JASON CHRISTY, EDITOR, "THE CHURCH REPORT": It scares me. We did a poll last week because there was a lot of chatter both through the phones, on TV, and online and what we came up with in one day, 160,000 viewers, 88 percent of my viewers on my website said no, we're not buying into this. It looks --
ZAHN: They may not be, but an awful lot of people are.
GALLAGHER: Well, and the question is what are they not buying into? Because there are those who say these particular events in the Middle East are not the forerunner of Armageddon, we are not seeing Armageddon now, but that Christians hold that Armageddon will at some point in the future happen is the question. Because this is part of their scripture, and it's something which needs to be interpreted in some way and many of them go for the literal interpretation as they go for the literal interpretation of the gospels on other things.
BRUCE FEILER, AUTHOR, "WALKING THE BIBLE": I think the larger question here, Paula, is who gets to speak for God, and you have this battle going on in the world today between the extremists and those who view the world as a different creation, as being a more moderate open issue, and I think that what's problematic about this view is not that people believe it, it's that it is an interpretation that we are headed for some conflict, some sort of ultimate end of time.
ZAHN: All right so how do Jews view this?

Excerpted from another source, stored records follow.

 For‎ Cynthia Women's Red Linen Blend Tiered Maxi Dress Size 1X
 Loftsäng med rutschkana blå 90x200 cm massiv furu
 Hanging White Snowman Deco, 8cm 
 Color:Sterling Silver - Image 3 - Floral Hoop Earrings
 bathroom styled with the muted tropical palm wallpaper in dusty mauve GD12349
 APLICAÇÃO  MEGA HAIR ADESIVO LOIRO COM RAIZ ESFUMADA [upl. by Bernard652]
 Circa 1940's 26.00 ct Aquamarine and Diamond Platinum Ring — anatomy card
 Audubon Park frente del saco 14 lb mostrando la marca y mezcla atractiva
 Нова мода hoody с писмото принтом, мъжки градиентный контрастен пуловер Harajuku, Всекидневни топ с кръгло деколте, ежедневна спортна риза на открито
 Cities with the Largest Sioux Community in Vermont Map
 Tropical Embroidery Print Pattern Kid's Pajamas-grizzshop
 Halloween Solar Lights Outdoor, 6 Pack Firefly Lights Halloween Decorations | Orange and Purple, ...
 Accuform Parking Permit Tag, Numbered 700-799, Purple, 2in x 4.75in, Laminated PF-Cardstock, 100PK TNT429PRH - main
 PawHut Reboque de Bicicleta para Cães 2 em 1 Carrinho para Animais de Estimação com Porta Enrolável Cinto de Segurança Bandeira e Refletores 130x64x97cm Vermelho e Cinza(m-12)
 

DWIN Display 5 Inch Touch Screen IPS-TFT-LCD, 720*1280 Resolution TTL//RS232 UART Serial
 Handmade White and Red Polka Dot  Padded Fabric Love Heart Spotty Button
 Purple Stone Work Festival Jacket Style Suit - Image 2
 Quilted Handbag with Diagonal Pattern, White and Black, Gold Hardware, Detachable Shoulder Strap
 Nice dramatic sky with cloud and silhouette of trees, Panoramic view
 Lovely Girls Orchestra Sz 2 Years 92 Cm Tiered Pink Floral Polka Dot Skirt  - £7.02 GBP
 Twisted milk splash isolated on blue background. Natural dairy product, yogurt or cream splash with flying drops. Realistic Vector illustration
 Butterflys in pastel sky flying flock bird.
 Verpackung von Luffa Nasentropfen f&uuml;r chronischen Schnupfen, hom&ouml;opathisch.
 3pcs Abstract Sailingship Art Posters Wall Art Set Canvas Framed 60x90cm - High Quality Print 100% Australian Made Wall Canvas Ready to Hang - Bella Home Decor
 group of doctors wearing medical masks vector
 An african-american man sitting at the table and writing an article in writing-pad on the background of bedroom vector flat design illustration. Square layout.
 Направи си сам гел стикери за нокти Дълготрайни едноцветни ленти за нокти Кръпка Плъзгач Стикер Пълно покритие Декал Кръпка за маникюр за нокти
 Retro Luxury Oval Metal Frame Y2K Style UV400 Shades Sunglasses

FEILER: I think with Jews, I think as a contrast to that do believe there's going to be a Messianic Age, but I think that Judaism is far less focused on an end that ultimate kind of end game, where God swoops down and has this fight with the devil, as they're focused on what we can do on this earth, and I think that that is, for those of us who love the bible, are troubled by this. Is that what the bible is is God and humans trying to work together to create a more righteous world. And I think that anything that gets the focus off this world and toward the idea, a hastening, we want this somehow, World War III, there's this idea, you mix it with politics, it's very dangerous.
ZAHN: I don't understand, the evangelical support for Israel and what that is rooted in and why we need to pay attention to it.
GALLAGHER: Well, that's part of this. It's wrapped up in it. Obviously if you feel that the second coming is going to happen in Israel, then you want to see that Israel is going to be a secure and safe place for that to come, and there are a number of sort of different things which they believe have to be fulfilled in order for that to happen.
CHRISTY: It's very scary though. I think back to the late 80s, '89 in fact, there was a movement in the Christian evangelical movement that said this is it, 1989 is going to be the end, and a lot of new Christians were brought in to the church and there was this tremendous feeling of rapture and then nothing happened, and there was a feeling of oh, I just sold out to the chicken little theology. And people had a real bad taste about that in their mouth.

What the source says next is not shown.